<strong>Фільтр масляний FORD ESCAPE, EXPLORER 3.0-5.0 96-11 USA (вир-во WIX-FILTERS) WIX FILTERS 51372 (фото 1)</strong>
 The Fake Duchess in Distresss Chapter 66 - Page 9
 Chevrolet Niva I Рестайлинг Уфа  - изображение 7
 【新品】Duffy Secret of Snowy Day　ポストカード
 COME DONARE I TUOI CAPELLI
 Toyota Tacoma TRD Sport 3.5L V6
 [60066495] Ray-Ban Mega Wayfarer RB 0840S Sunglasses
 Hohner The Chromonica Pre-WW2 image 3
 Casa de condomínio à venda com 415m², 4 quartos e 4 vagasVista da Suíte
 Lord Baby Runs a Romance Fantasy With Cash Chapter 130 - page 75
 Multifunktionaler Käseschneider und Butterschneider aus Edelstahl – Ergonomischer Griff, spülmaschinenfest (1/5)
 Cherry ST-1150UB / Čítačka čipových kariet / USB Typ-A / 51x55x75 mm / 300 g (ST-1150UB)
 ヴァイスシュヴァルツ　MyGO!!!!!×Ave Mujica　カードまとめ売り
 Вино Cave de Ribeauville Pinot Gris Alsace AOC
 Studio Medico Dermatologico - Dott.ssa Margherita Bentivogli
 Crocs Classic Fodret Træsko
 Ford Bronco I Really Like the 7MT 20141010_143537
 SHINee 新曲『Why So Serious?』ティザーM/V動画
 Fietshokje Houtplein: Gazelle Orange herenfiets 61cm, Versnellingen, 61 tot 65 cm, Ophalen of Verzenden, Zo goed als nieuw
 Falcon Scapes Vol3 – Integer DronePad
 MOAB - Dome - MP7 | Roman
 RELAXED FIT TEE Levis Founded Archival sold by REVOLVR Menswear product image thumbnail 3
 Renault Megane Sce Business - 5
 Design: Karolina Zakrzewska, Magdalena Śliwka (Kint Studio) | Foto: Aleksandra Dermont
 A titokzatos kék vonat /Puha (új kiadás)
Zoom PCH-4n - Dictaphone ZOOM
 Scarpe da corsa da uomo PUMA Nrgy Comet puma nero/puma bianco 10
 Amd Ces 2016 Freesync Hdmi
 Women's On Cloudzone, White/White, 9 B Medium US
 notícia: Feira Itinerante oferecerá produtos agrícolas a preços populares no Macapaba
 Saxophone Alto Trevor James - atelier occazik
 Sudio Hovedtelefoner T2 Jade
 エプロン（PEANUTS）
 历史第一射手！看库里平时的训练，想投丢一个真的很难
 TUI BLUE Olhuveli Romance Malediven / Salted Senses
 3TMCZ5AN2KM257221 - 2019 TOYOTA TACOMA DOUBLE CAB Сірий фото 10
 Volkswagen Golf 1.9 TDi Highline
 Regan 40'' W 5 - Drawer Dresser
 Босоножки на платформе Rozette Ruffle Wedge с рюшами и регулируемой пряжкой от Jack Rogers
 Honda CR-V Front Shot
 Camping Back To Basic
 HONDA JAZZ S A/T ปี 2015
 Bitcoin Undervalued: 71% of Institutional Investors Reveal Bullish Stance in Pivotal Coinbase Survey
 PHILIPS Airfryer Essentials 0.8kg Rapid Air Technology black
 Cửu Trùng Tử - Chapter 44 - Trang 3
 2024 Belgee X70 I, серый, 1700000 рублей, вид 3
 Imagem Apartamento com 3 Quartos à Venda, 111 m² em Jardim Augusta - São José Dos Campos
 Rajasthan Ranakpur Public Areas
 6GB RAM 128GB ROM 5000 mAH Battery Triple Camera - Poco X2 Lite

-.-.-

REQUIRED ACTION -
Taking the line that contains "Camping Back To Basic" as the first and the last line of the material as the final one, transcribe that span exactly and include nothing else.

RESPONSE -
 Camping Back To Basic
 HONDA JAZZ S A/T ปี 2015
 Bitcoin Undervalued: 71% of Institutional Investors Reveal Bullish Stance in Pivotal Coinbase Survey
 PHILIPS Airfryer Essentials 0.8kg Rapid Air Technology black
 Cửu Trùng Tử - Chapter 44 - Trang 3
 2024 Belgee X70 I, серый, 1700000 рублей, вид 3
 Imagem Apartamento com 3 Quartos à Venda, 111 m² em Jardim Augusta - São José Dos Campos
 Rajasthan Ranakpur Public Areas
 6GB RAM 128GB ROM 5000 mAH Battery Triple Camera - Poco X2 Lite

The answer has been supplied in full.